Just Kids
By Patti Smith
Reviewed by Jude Rogers Published 25 February 2010
Two whip-thin creatures, blinking into the sunlight for an old man on the boardwalk, smile softly from the cover of this moving memoir. Taken at the Coney Island funfair in 1969, the picture shows Patti Smith and Robert Mapplethorpe, a pair of 22-year-old lovers celebrating two years together.
“It was our good fortune that this moment in time was frozen in a box camera," Smith writes. "It was our first real New York portrait. Who we were."
Thus her account of a relationship between two remarkable artists stems, rather fittingly, from a photograph. The girl from New Jersey who would fuse poetry with rock'n'roll and the lapsed Catholic boy who became a feted, controversial photographer met by chance shortly after Smith arrived in New York on a bus in 1967. They quickly became lovers, and each other's muse, breaking up only when Mapplethorpe came to terms with his homosexuality.
Their intense kinship survived, however, and before Mapplethorpe's death in 1989, Smith promised that one day she would tell their story. That it has taken her 21 years to do so suggests quite how demanding and wrenching the task must have been.
But as Just Kids whirrs magically into life, one worries that it is merely an exercise in myth-making. It starts with Puccini's Tosca singing an aria about love and art as Smith finds out about the death of her soulmate. Then we feel the full blast of her overwrought prose.
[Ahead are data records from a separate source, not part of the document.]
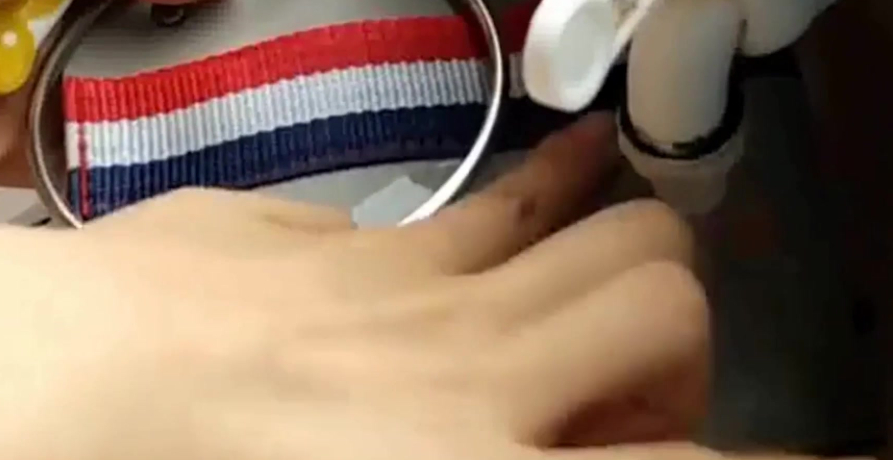 白色的包包虽然好看,但是却很容易脏,容易染上污渍和其它颜色,用久了会发黄,那么一旦发黄了怎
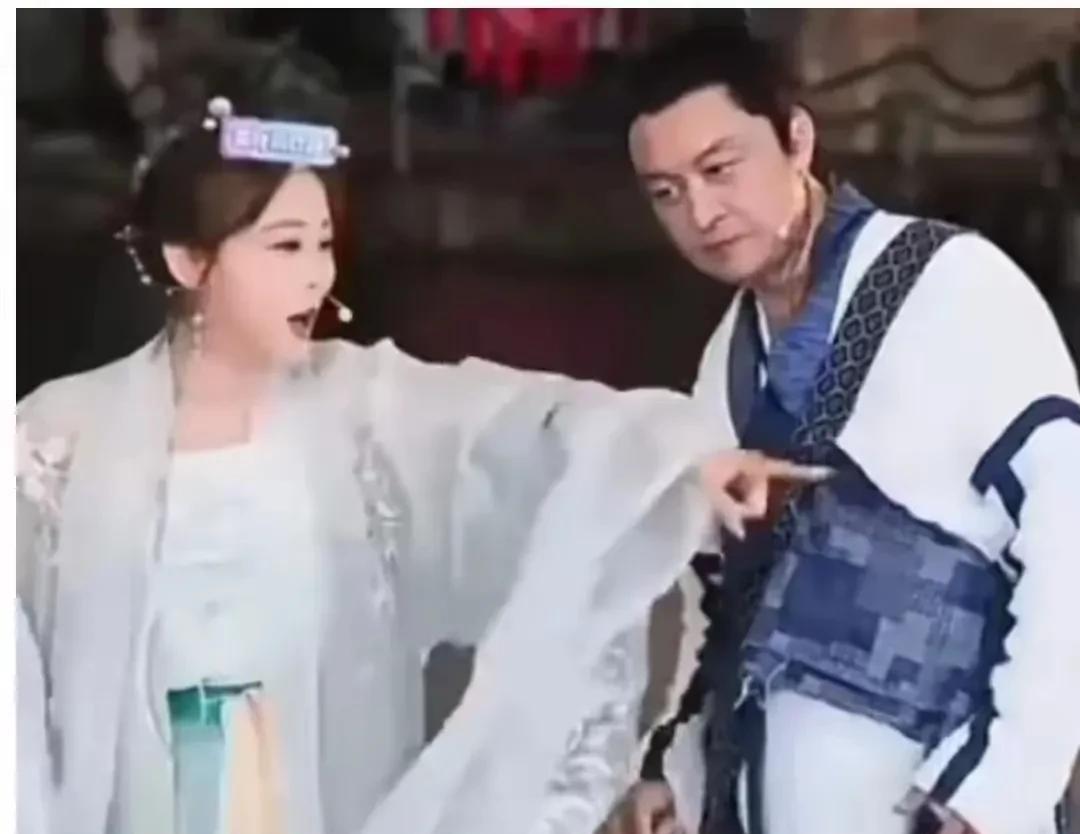 演员马景涛直播时突然晕倒在地，发出响声，现场一片混乱！马景涛60多岁的人了，在3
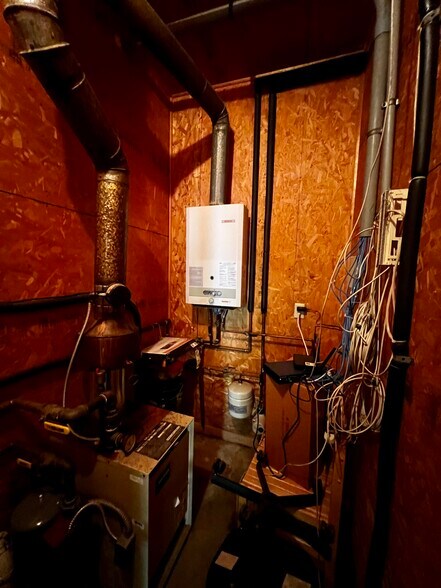 More Photos Of 1120 E Jackson St, Macomb Freestanding For Sale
She writes of her first child, given up for adoption when Smith was still a teenager, as having been "born on the anniversary of the bombing of Guernica". A curtain hung by Mapplethorpe in their first flat "harmonised with my own gypsy elements", while Horses, the 1975 album that made Smith's name - and Mapplethorpe's reputation, thanks to the shot of his ex on the sleeve - is not a record, but an "aural sword sheathed with Robert's image".
Smith depicts the pair as the Big Apple's answer to Rimbaud and Verlaine, the Fates bringing them full purses and silk-laced shoes, as they penny-pinch for food and deal with lice on the pillow. They are, one senses, a couple of whom you could tire very quickly. But her writing becomes warmer as their story progresses, narrating her and Mapplethorpe's extraordinary journey from a tiny flat in Brooklyn to the Chelsea Hotel, and encounters with some of the period's countercultural luminaries.
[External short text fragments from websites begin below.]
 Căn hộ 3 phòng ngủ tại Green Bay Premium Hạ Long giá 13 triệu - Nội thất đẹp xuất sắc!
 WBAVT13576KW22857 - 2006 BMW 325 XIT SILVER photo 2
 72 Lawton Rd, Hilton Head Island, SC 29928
We watch Smith meeting Jimi Hendrix on a club stairwell and eliciting his sympathy when she is too "chicken" to go in (a memory that adds a new layer of meaning to her version of Hendrix's "Hey Joe"). Asked to fake shooting up heroin for a friend's artwork, she reacts with horror - her only brush with drugs, up to that point, having been a spiked drink. Her small-town mind also fails to see through Mapplethorpe's obsessions with sailors and men in tight leather, which ought to have suggested interests outside the couple's bed. But as it reveals her more innocent side, this fierce girl's writing gains a deeper power.
She also recognises the arrogance of youth - especially when she remembers being present as Kris Kristofferson played "Me and Bobby McGee" to Janis Joplin for the first time, in a room littered with bottles of Southern Comfort. Back then, she was "so young and preoccupied with my own thoughts that I hardly recognised them as moments" - an especially telling insight into Smith's character.
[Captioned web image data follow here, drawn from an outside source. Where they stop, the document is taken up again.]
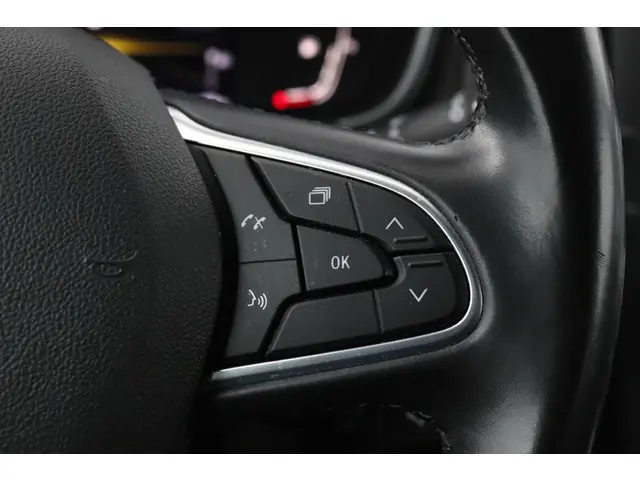 Renault Mégane Estate 1.3 TCe Intens 2021 Benzine 33
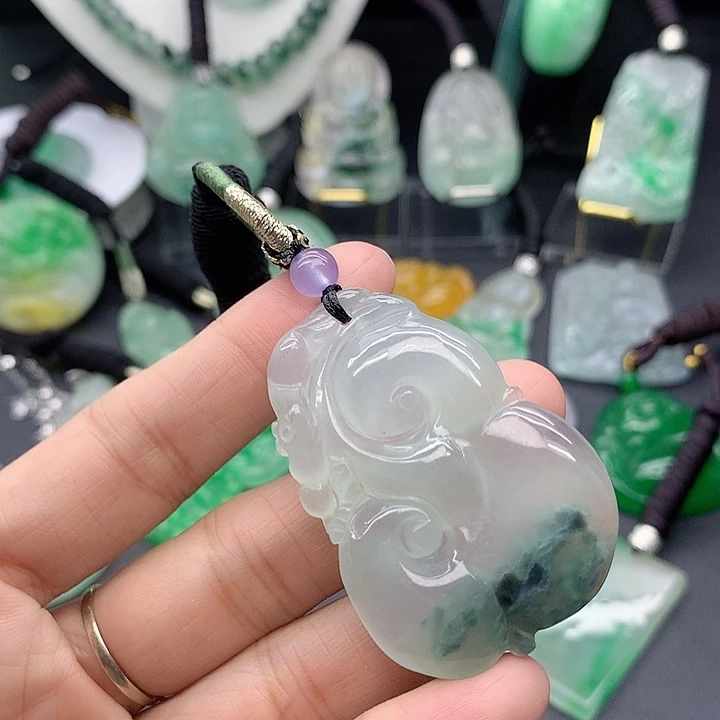 翡翠未镶嵌吊坠(赠链)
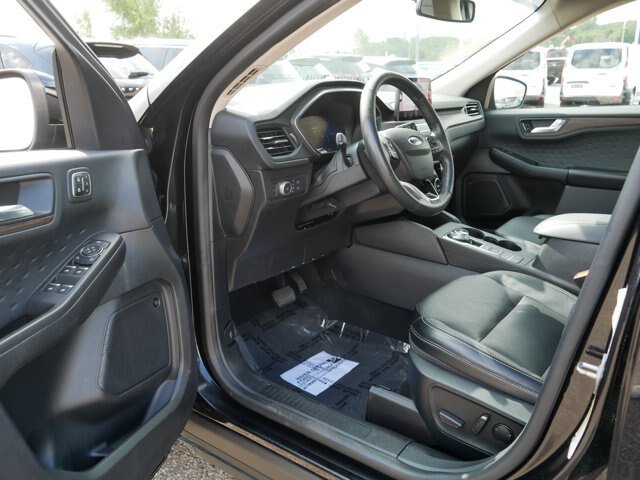 Certified 2020 Ford Escape Titanium AWD/4WD image 11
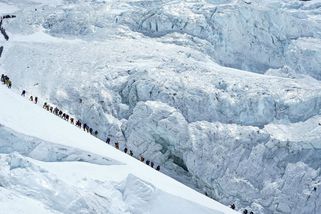 Rekord na Everestu. Vylezlo tam nejvíc lidí v historii, budou kontroly - Seznam Zprávy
As time winds on, she and Mapplethorpe part as lovers but continue to share a loft, and the cast list keeps growing. Smith touches on relationships with the playwright Sam Shepard and the poet Jim Carroll, her first meeting with her mentor Allen Ginsberg - who initially assumes that she is a beautiful boy - and her friendship with Lenny Kaye, with whom she performed her debut poetry evening in 1971, and who later gave the Patti Smith Group its musical bedrock. These relationships are gently brushed over, however: Mapplethorpe's shadow looms too large for Smith to dwell long among other ghosts.
After all, Just Kids has a very different focus from other stories about rock stars and their lives before they became famous, such as Bob Dylan's Chronicles or Nowhere Boy, the film about John Lennon's adolescence. This is essentially a love story, and a reminder that the deepest relationships need not have perfect resolutions.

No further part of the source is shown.